IFG has in recent years worked with Clearscapes of Raleigh to
accomplish an impressive light
sculpture for a major hotel in Istanbul, Turkey and additional
signage for Universal
Printing in the RTP. IFG has also been the major supplier for
Terex-American for crane cabs and for
Penn Compression for power station hoods and duct
supports. IFG has had some success with these custom projects;
however, the cats have always been the center of Frank's business.
When Frank first started with the Isotope it was very hard to
overcome the monohull sailors' prejudice against cats. The one point
most harped on was the cats inability to head into the wind. The
Isotope goes to weather at 35% and has a perfectly balanced helm.
These basic design features have kept this catamaran alive after all
these years.
Beginning a business in 1964 to build multihull sailing craft with
$650 was possible only for dreamers and doers, who had persistence
as a middle name and a true love for catamaran sailing. The Isotope
and Cheshire Cat have always been the reason and Frank's love of the
business... But not the money.
What does the future hold for multihull sailing? The question is
what does the future hold for sailing as a sport and recreation.
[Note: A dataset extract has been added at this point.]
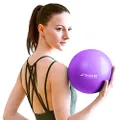 Trideer Pilates Ball 9 Inch Core Ball, Small Exercise Ball with Exercise Guide Barre Ball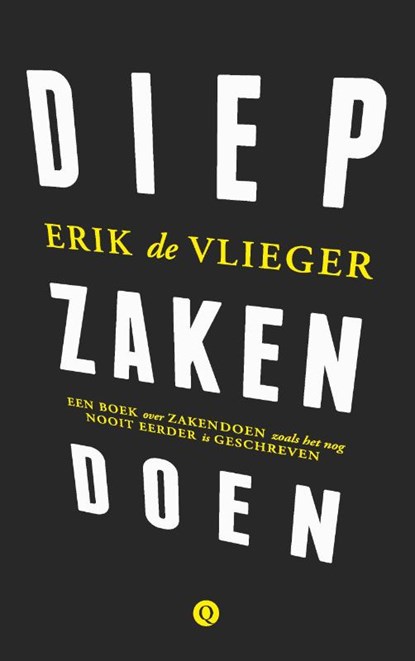 Diep zakendoen, Erik de Vlieger - Gebonden - 9789021404011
Catamarans are now a part of the sailing scene---a respected part!
Everyone, who loves sailing as a participant or with just shore
perspective, needs to in some small way encourage sailing and
support their local sailing clubs. Sailing is a metaphysical
experience that must be kept available for discovery by a modern
society.
Postscript - November 2001
IFG has been very busy since the last update, holding the
25th Isotope Nationals, attending boat shows and regattas, etc.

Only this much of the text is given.